生みの苦しみも含めて味わいたいと思うほど、妊娠生活は幸せに満ちたものでした。つわりもなく、周りからは親孝行な子だね、よっぽど相性がいいんだねと言われ、その喜びに浸っていました。
けれどいざ出産となると、思っていたほど順調にはいかず、帝王切開になる恐れもあるとのことでした。セレモニーのためにも帝王切開は避けたいところ。複雑な思いになりながら、手術についての説明を受けました。
夫と二人で説明を受けていると、何ということ・・・。夫が目を白黒させて失神しているではないですか!立会に際して、倒れたという話は聞いたことがありますが、説明で気絶したなんて聞いたことがありません。ましてまだ手術の前段階の麻酔の話の途中です。どこに気を失う要素があったのか、今でもわかりません。説明は打ち切りとなり、夫は私の病室のベッドで休んで帰りました。
お腹の赤ちゃんは男の子。こんな気弱な夫に似たらどうしよう。情けないやら恥ずかしいやらで、気が滅入っていたのですが、いや、夫に似るとは限らない、そうだ、私自らへその緒を切って、この世に送り出してあげよう。そういう思いがふつふつと湧いてきたのです。
しかし予定日を過ぎても生まれてくる気配はありませんでした。これ以上、自然に待つことはできないと、促進剤を打つことになりました。
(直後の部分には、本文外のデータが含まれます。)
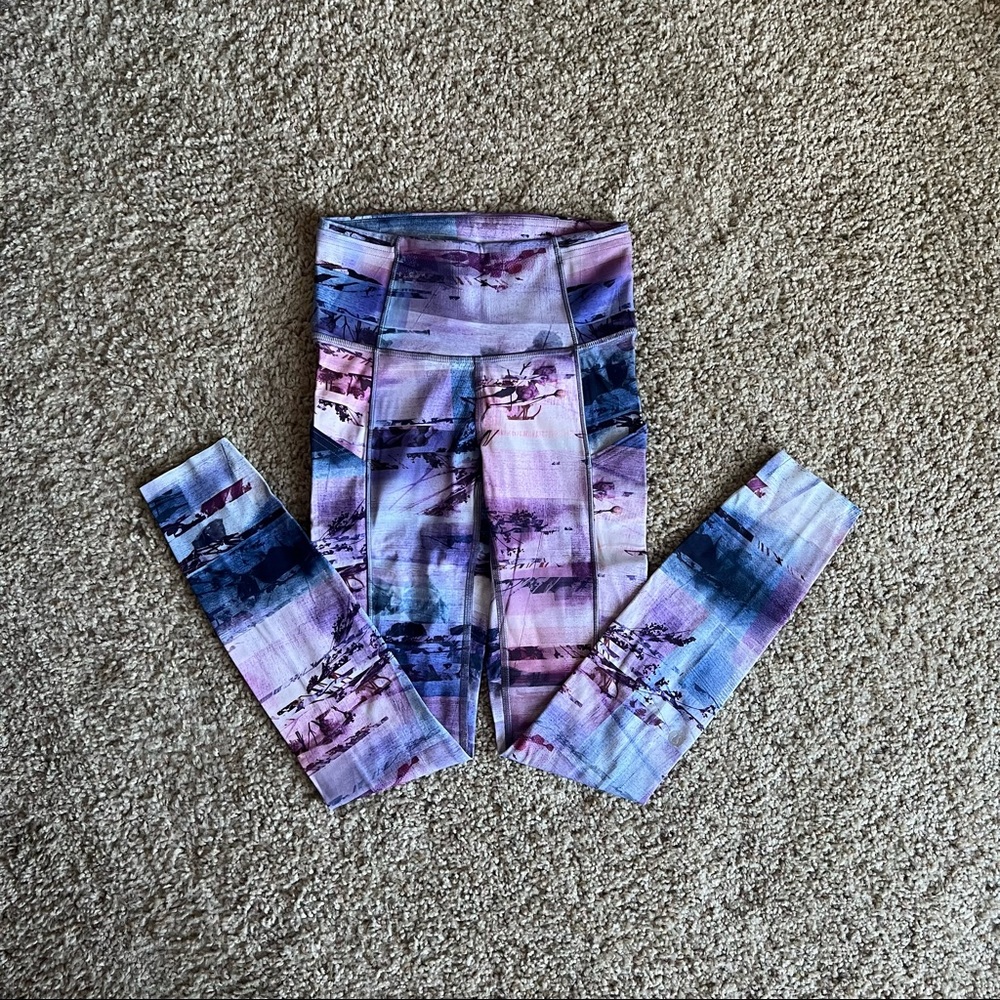 Lululemon fast & free 25” leggings size 2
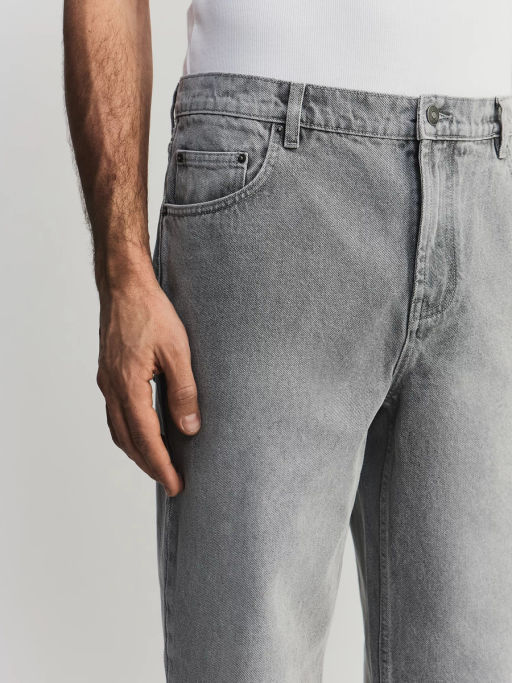 Джинсы прямого фита STRG0526-107 / Zarina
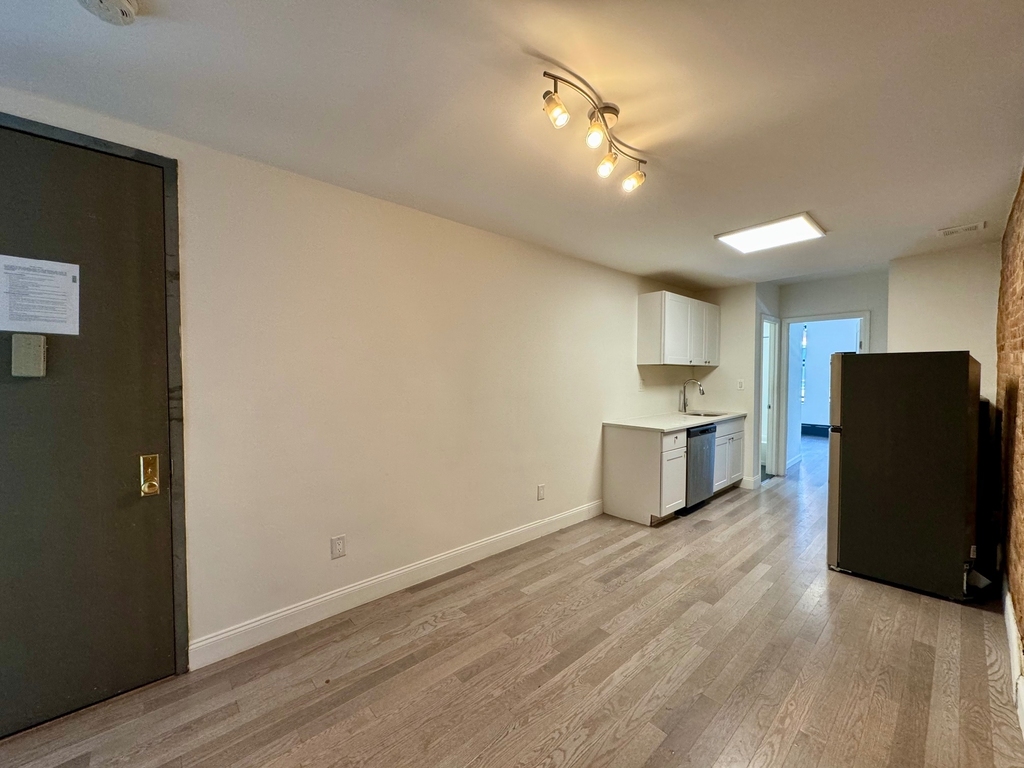 318 East 104th Street - Photo 3
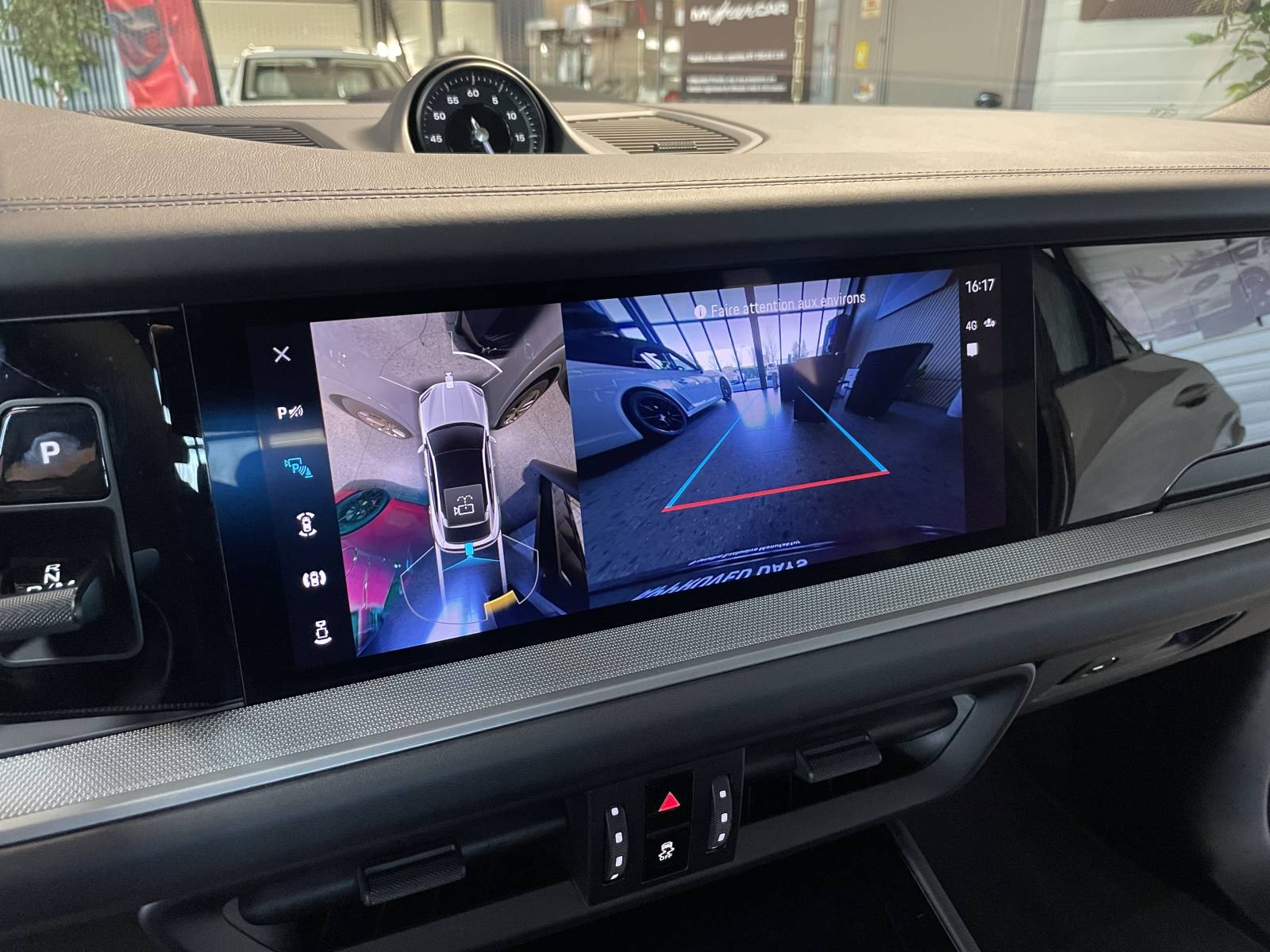 Porsche Cayenne III Coupé E-Hybrid 2024 chez MY DREAM CAR Nîmes.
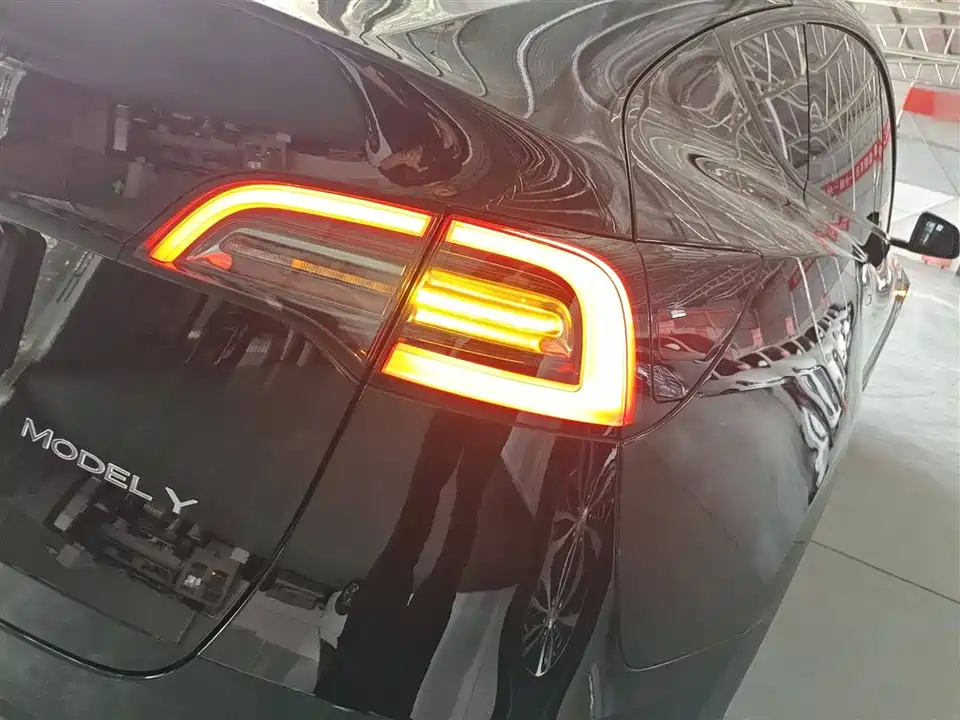 Tesla Model Y Tesla Model Y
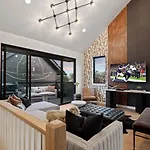 The Modern Cowboy - Hot Tub & Rooftop On Music Row Nashville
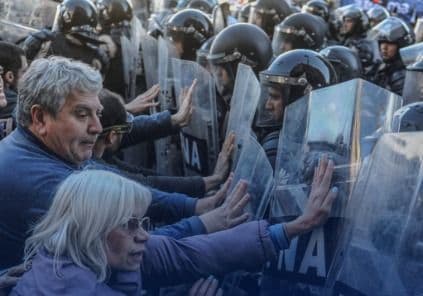 Incidentes entre manifestantes y la policía en la marcha de jubilados: hay al menos cuatro detenidos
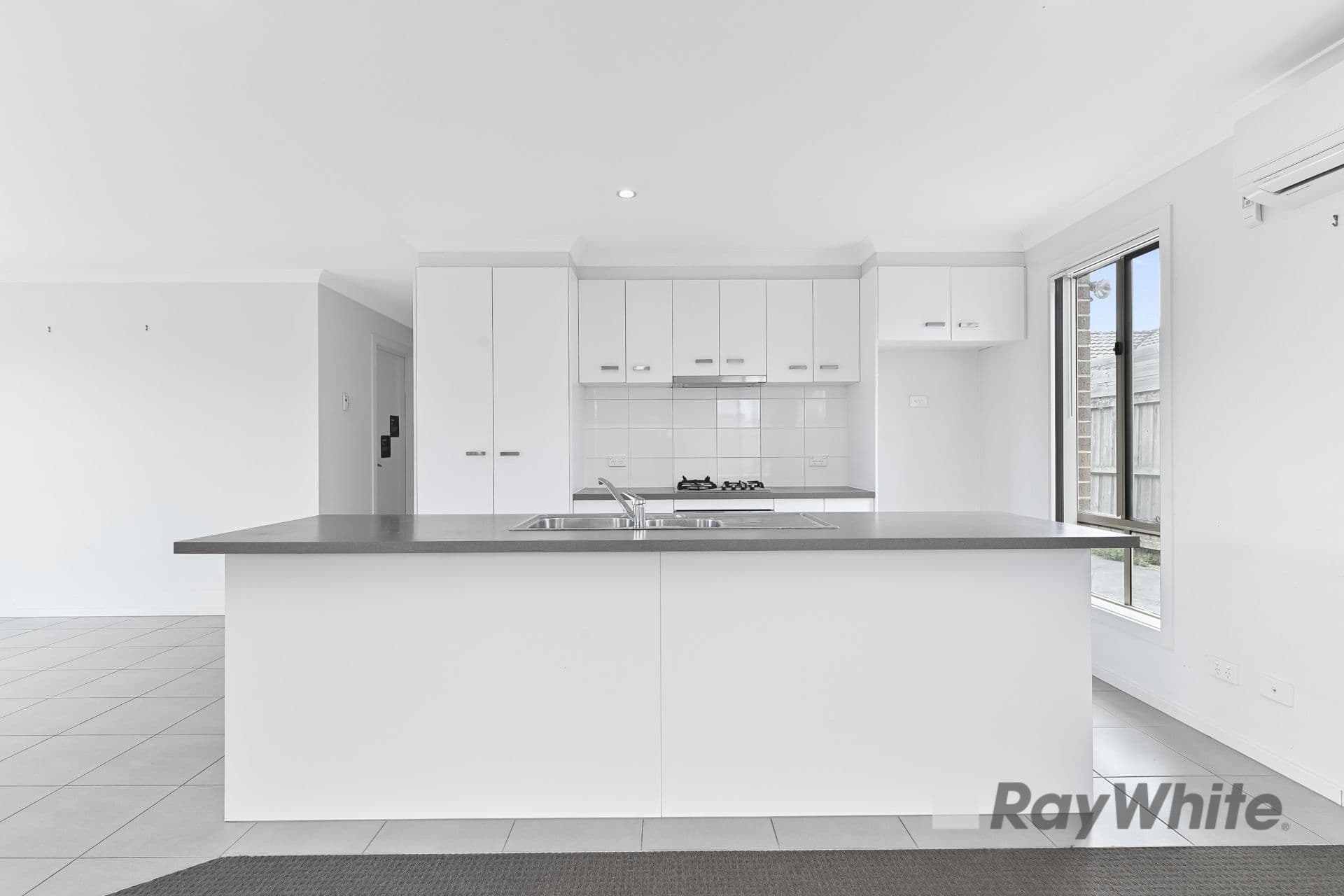 23 Currawong Crescent, Pakenham VIC 3810, Pakenham - Thumbnail 6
促進剤を打てばすぐにお産が進むと思っていたので、いよいよと覚悟を決めて分娩室に入ったものの、なかなか有効な陣痛は訪れません。アロマやフットバスなど助産師さんもあれこれ協力してくれましたが、思うように事が運びません。8時間後に切り上げとなりました。ぐったり疲れましたが、お腹の赤ちゃんは驚いたかのように心拍がとても早くなりました。のんびりしていたけど、やっと出てくる気になったのかな。「一緒に頑張ろうね」とお腹をさすりながら話しかけ、私は自分自身の気持ちの整理をしていました。
翌日、再び促進剤を打ちました。今日こそ、と思っていましたが、やはりお産は進みませんでした。さすがに2日目になると疲労もピークに達してきました。午後になり、赤ちゃんの位置を確認してみると、何ということ・・・。お腹の赤ちゃんは下りてくるどころか上にあがっていて、まるで逃げてしまったかのよう。夫が倒れたときほどの衝撃でした。これには先生もびっくり。結局、緊急帝王切開となってしまいました。私の思いをよそに、よっぽど居心地が良かったの?
ようやく生まれた赤ちゃんは3970gのビッグベビー。きっとお腹の中でゆったり大きく寛いでいたんだろう。産声を聞いてほっとしたのか、涙がこみ上げてきました。この時の素直な気持ちを込めて、何事にも動じず器の大きな人になってね、と『泰寛-やすひろ』と名付けました。
退院の日、先生は私の心配を察してくれたのか「大丈夫。お母さん似ですよ。2日も促進剤漬けになったのにマイペースでお腹の中にいたのですから。説明で倒れる旦那さんも僕は初めてですが、へその緒を自分で切りたいと言った妊婦さんも初めてです」と微笑んでくれました。
これが半年前のお母さんと泰寛のお話。おっぱいを飲むのも上手。夜泣きもほとんどしない。お腹から出てきても、ゆったり寛いでいるかのよう。へその緒セレモニーはできなかったけれど、元気な泰寛の笑顔が何よりの励みです。日に日に成長していく泰寛の姿に、限られた今の時間を大切にしようと思う今日この頃です。
『徳量寛大』この言葉を泰寛に贈ります。意味は大きくなったら自分で調べてください。でもまだ今はお母さんの胸の中でゆったり寛いでいてね。